Their link strengthened by the psychical contact, the Doctor suddenly received images. Images of his Rose. A collection of memories, of the wonders they had seen - he had seen in her. A tear rolled down his cheek, which was soon accompanied by another, and another. It were tears of sorrow, but also of joy, because the memories and images were so full of life that he almost thought he could touch them. Touch her.

In the end, they remained only images. But at least his heart had felt a bit lighter, and may it only have been for a short while. He said his goodbye with a smile - one that now reached his eyes - and turned to go, when the Leelans called him back. Before they vanished back into the water, they pointed to a small altar.

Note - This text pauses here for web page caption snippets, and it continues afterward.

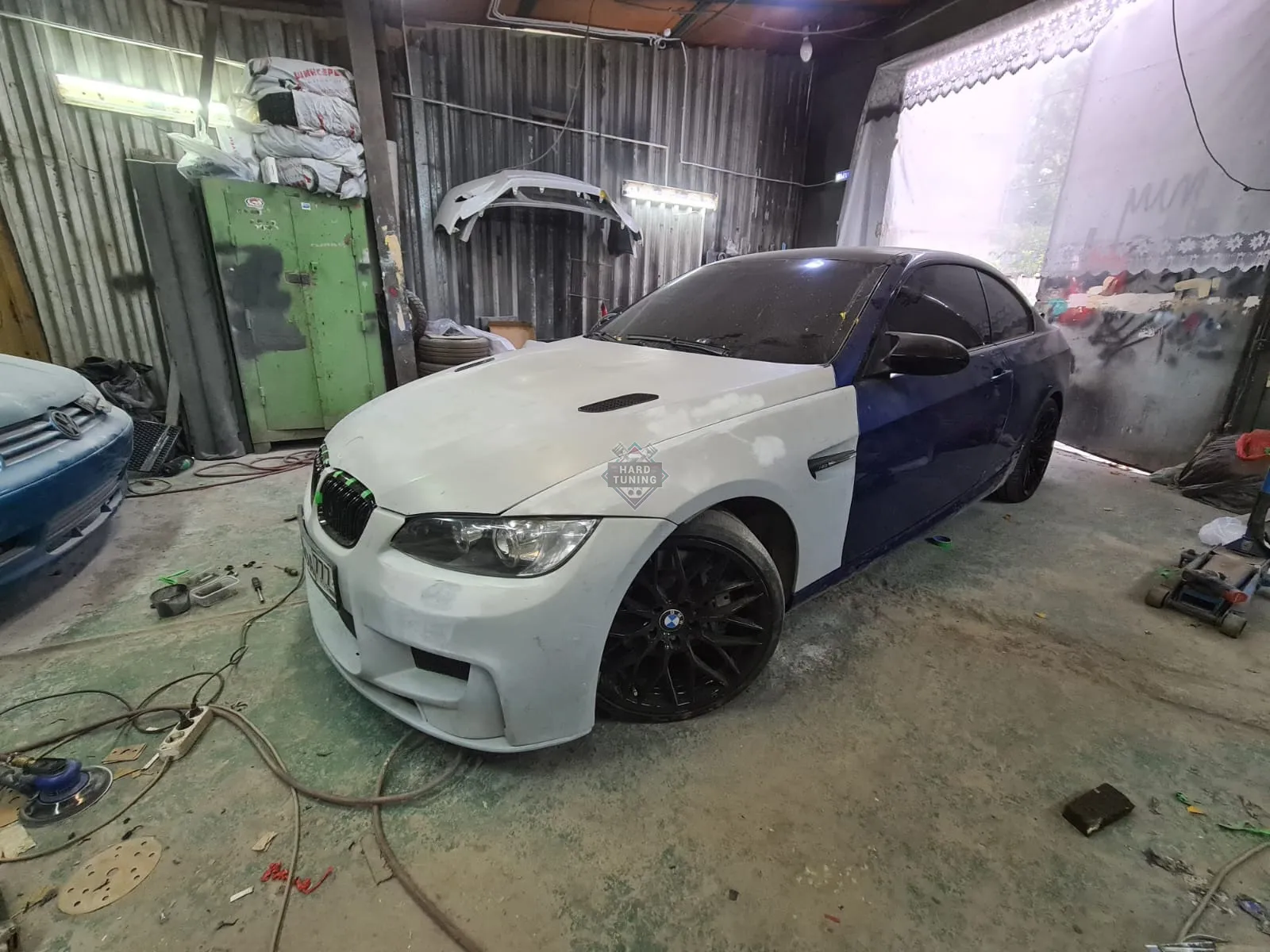 Сплиттер переднего PRIOR DESIGN бампера BMW 3 ER E92/E93 дорестайлинг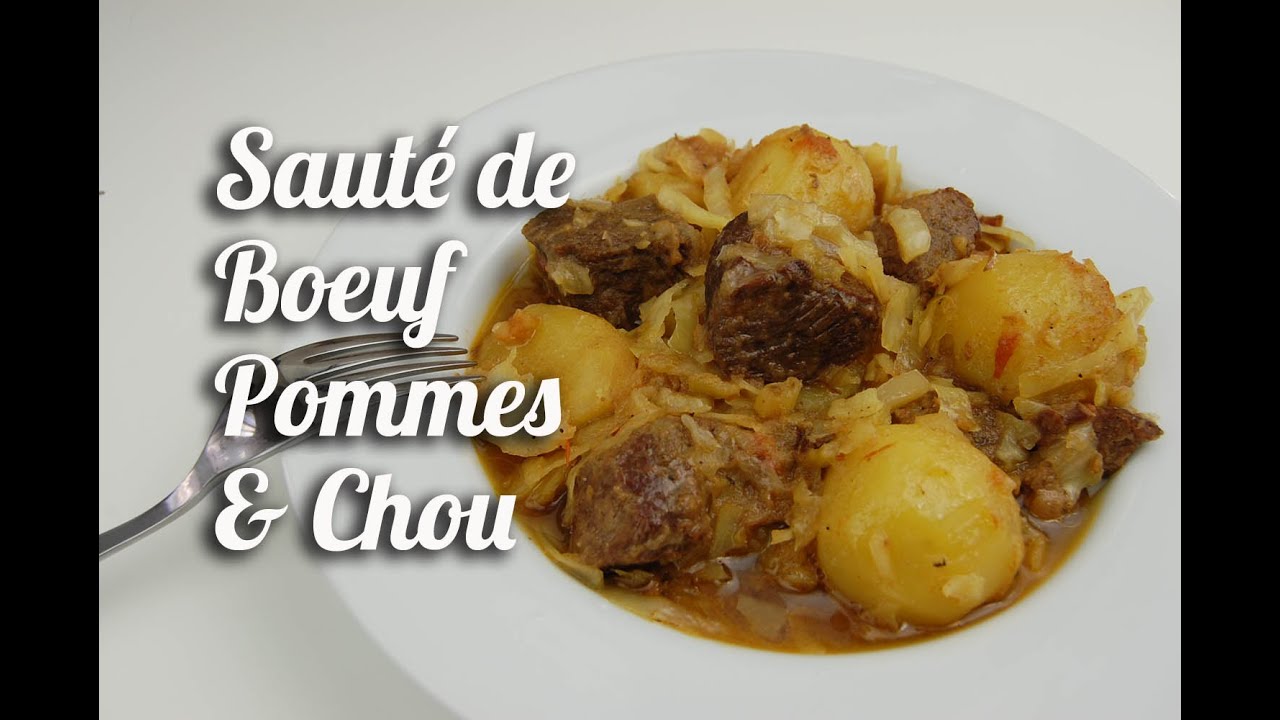 Sauté de boeuf pommes et chou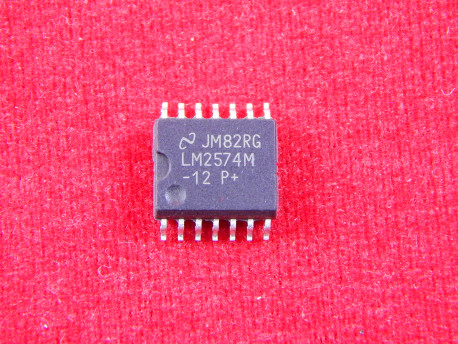 LM2574MX-12/NOPB, Преобразователь постоянного тока понижающий 12В 0.5А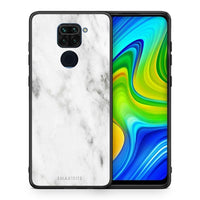 Thumbnail for Θήκη Xiaomi Redmi Note 9 White Marble από τη Smartfits με σχέδιο στο πίσω μέρος και μαύρο περίβλημα | Xiaomi Redmi Note 9 White Marble case with colorful back and black bezels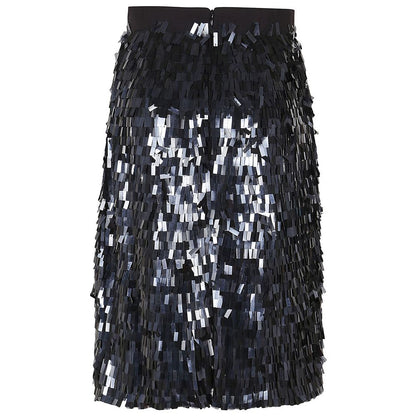 PINKO Black Polyester Skirt PINKO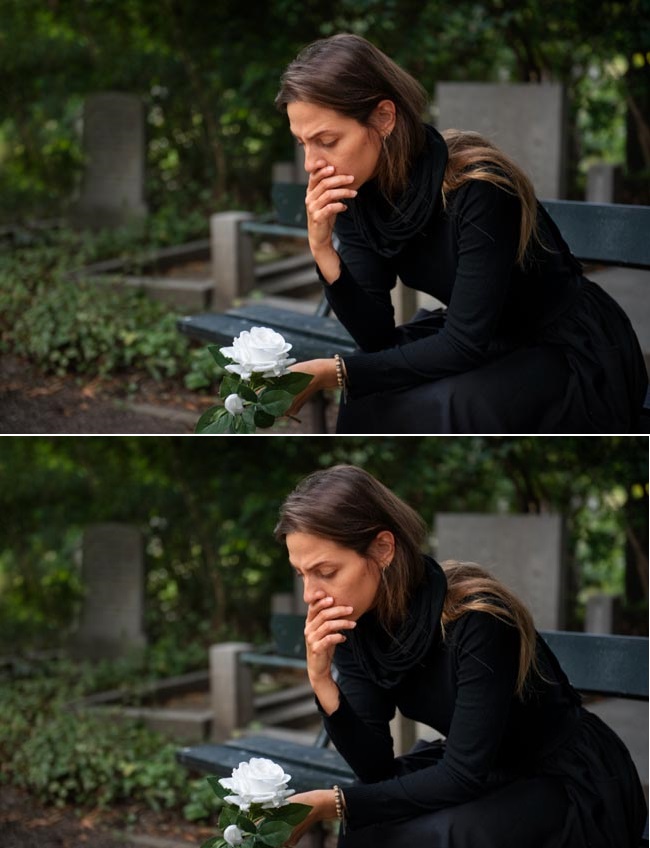 На погребението на мъжа си жена открила бележка в джоба му. Написаното вътре я шокирало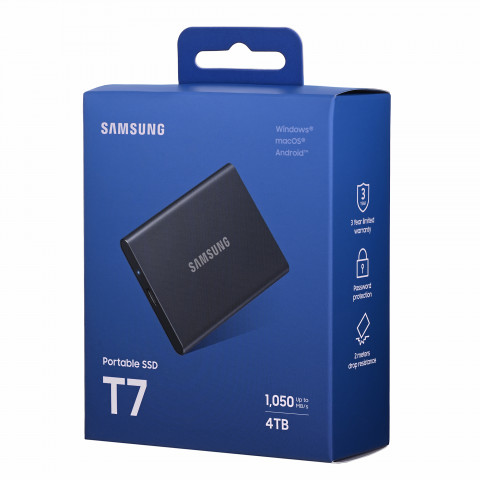 Dysk SSD Samsung T7 4TB Szary - Galeria zdjęcie 2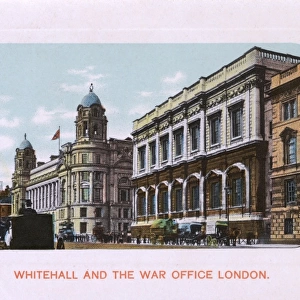 Whitehall - War Office and the Banqueting House, London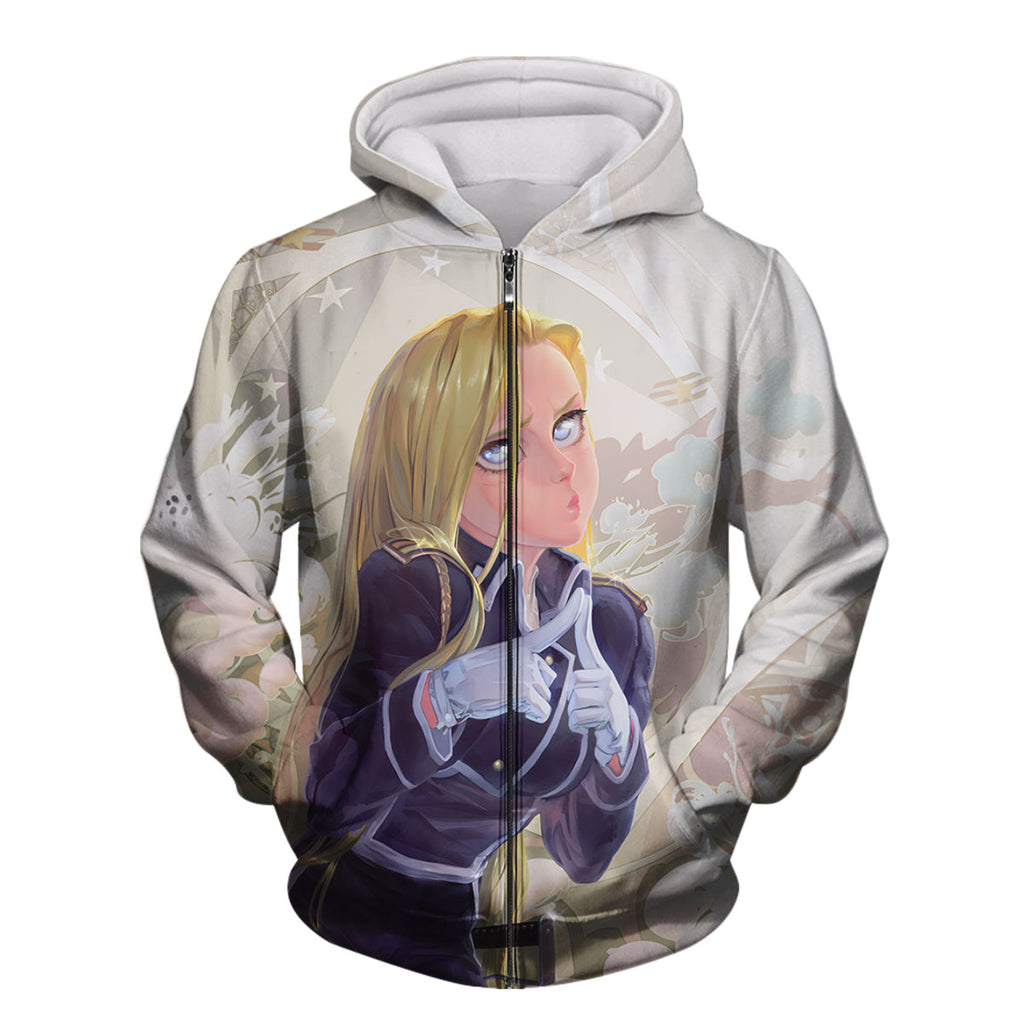 Fullmetal Alchemist Olivier Armstrong Gloved Cute Pose Anime Apparel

And upon this altar, next to a single pink rose, lay another envelope.

Dear Doctor,

For some time now, Julian and I have been trying to get pregnant. Well, I've been trying to, but you know what I mean. We want to have a baby; to prove our love, to make it visible, and because we want to be a real family. And who knows, maybe he or she would become a genius just like the father. Wouldn't that be cute?

Mum's absolutely excited about the idea; and so is Tony. He might be still very young, but he understood what I told him about being an uncle, and being responsible for his niece or nephew. He is of course thrilled by the idea of having a little playmate.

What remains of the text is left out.